In R, I can perform the equivalent to melt and pivot without indexing, and was seeking the same functionality in Python.

df_pandas = df.to_pandas()
library(tidyverse)
library(reticulate)

df_long <-
    py$df_pandas |>
    pivot_longer(
        everything(),
        names_to = 'recipe',
        values_to = 'value'
    )

df_long |>
    pivot_wider(
        names_from='recipe',
        values_from='value'
    ) |>
    unnest(cols = c(A,B,C,D))

Solution

  • It seems I need to add an index in order to pivot df_long back into the original form of df?

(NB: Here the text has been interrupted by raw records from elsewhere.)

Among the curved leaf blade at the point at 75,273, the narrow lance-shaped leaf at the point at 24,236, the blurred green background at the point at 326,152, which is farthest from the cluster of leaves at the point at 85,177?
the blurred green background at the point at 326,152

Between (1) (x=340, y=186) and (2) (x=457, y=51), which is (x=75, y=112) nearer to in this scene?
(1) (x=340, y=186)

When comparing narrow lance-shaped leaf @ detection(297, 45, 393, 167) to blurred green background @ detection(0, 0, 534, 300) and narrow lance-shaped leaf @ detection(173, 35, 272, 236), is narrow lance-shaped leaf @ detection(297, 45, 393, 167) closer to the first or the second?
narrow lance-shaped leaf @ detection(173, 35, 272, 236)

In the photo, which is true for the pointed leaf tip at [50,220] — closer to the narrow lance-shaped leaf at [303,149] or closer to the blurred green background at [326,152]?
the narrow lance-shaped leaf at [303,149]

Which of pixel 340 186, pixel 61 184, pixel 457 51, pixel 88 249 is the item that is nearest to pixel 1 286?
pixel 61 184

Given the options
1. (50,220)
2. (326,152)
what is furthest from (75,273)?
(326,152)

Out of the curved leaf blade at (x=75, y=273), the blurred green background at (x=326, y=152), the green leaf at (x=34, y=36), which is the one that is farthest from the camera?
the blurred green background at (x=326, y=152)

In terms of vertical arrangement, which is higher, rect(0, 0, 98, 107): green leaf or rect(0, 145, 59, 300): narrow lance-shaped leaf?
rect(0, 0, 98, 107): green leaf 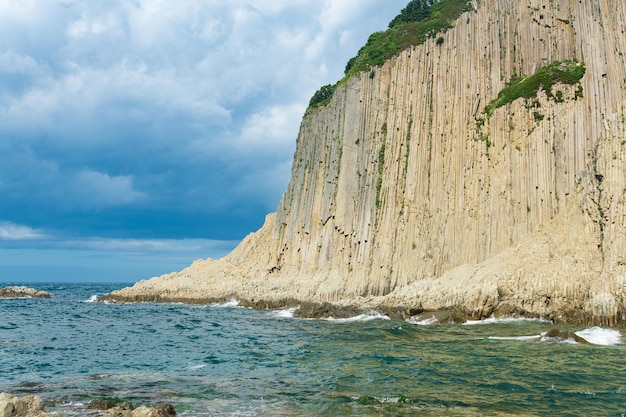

    How would it otherwise decide that the entries in df_long with revenue=1 are all on the same row, and not for recipe=A the revenue is 2, for recipe=B, the revenue is 3, etc? You are inferring that from how you defined df, but from just df_long as defined in your question, that is not possible.

    If this is a requirement, than I suggest you add the index to df before using unpivot, so that df_long carries that information:

    >>> df_long=df.with_row_index().unpivot(index=["index"], variable_name="recipe",value_name="revenue")   
    >>> df_long
    shape: (12, 3)
    ┌───────┬────────┬─────────┐
    │ index ┆ recipe ┆ revenue │
    │ ---   ┆ ---    ┆ ---     │
    │ u32   ┆ str    ┆ i64     │
    ╞═══════╪════════╪═════════╡
    │ 0     ┆ A      ┆ 1       │
    │ 1     ┆ A      ┆ 2       │
    │ 2     ┆ A      ┆ 3       │
    │ 0     ┆ B      ┆ 1       │
    │ 1     ┆ B      ┆ 2       │
    │ …     ┆ …      ┆ …       │
    │ 1     ┆ C      ┆ 2       │
    │ 2     ┆ C      ┆ 3       │
    │ 0     ┆ D      ┆ 1       │
    │ 1     ┆ D      ┆ 2       │
    │ 2     ┆ D      ┆ 3       │
    └───────┴────────┴─────────┘
    

    The pivot can then use the index column to reconstruct the original.